I have undertaken enumerable segmentation projects in my career, some simple, others complex, yet others that go nowhere. All of them in the end have the same things in common:
- Too many bases variables
- Over reliance on cluster analysis as the primary tool for segmentation
- Use of subjective judgement to evaluate results of the cluster solution
- Lack of reliability and validity tests on the solution
- Recreation of the scientific solution into a more 'creative and arty' one
What the above means for managers who implement segmentation solutions is that they could be formulating strategy and targeting segments that are unstable and unreal. There exists a body of research that calls for a deeper look at the statistics and data that go into cluster analysis and segmentation(I will be happy to provide the references).
The real issue continues to be an inability of both analysts and practitioners to put together a common road map for segmentation that takes into account statistical robustness of the technique along with creation of actionable segments that can be targeted through focused marketing programs. In my experience, the science of segmentation gets lost in the art.
Here are the five key things that analysts and practitioners must do to create better, robust and more scientific segments-
- Choose bases variables for segmentation that tie in with the end goal of segmentation and keep their number not more than 8-10. Build a set of good profiling variables that tie into the bases variables(there is no restriction in number here).
- Explore other tools for segmentation(sometimes simple business rules work just as well). Latent class analysis offers excellent alternatives for both survey and crm data and is still a highly underused technique. Try two techniques, if possible and compare and contrast results.
- Use a variety of statistical parameters to evaluate a solution instead of relying on one or two or on subjectivity. Decide which metrics you want to look at before the study. For example-dendograms, change rate, psuedo Rsq, hotelling's Tsq can be some metrics for evaluating no. of clusters in a cluster solution. The BIC, p-value, parsimony(no. of parameters) and the bootstrap p-value can be the parameters to nail number of segments in a latent class segmentation. Reliance on 'many' statistics vs. 'few' should be the mantra.
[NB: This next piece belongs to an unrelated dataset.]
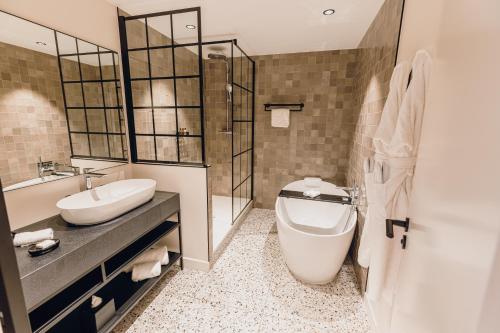 een badkamer met een toilet, een wastafel en een bad bij Hostellerie Cèdre & Spa Beaune in Beaune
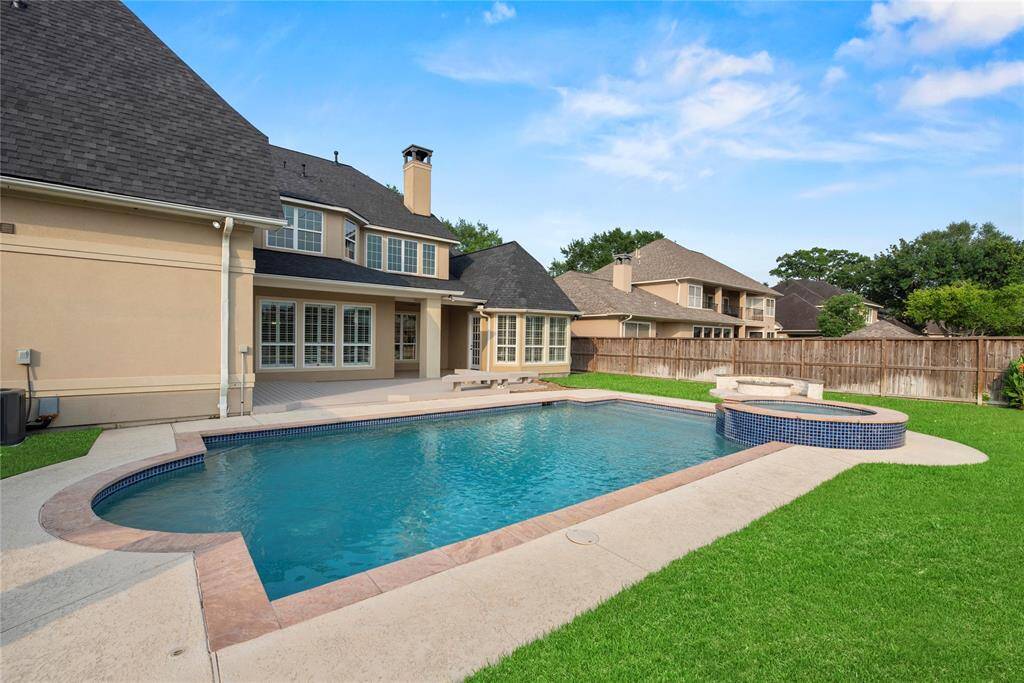 A lush, green yard surrounds the gorgeous pool—truly, what more could you ask for?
- Test reliability through hold out samples and validity through looking at profiling variables and how they differentiate the solution. The holdout sample results must match those of the developmental sample in terms of the number of segments and profiles. Most of the picked profiling variables must adequately differentiate the final segment solution. If there is an issue with reliability and validity-the solution may have a problem. Going back and reworking the same is the best way out.
- Don't use the art of segmentation to sidestep the science for a solution, use it if you will to add to the same.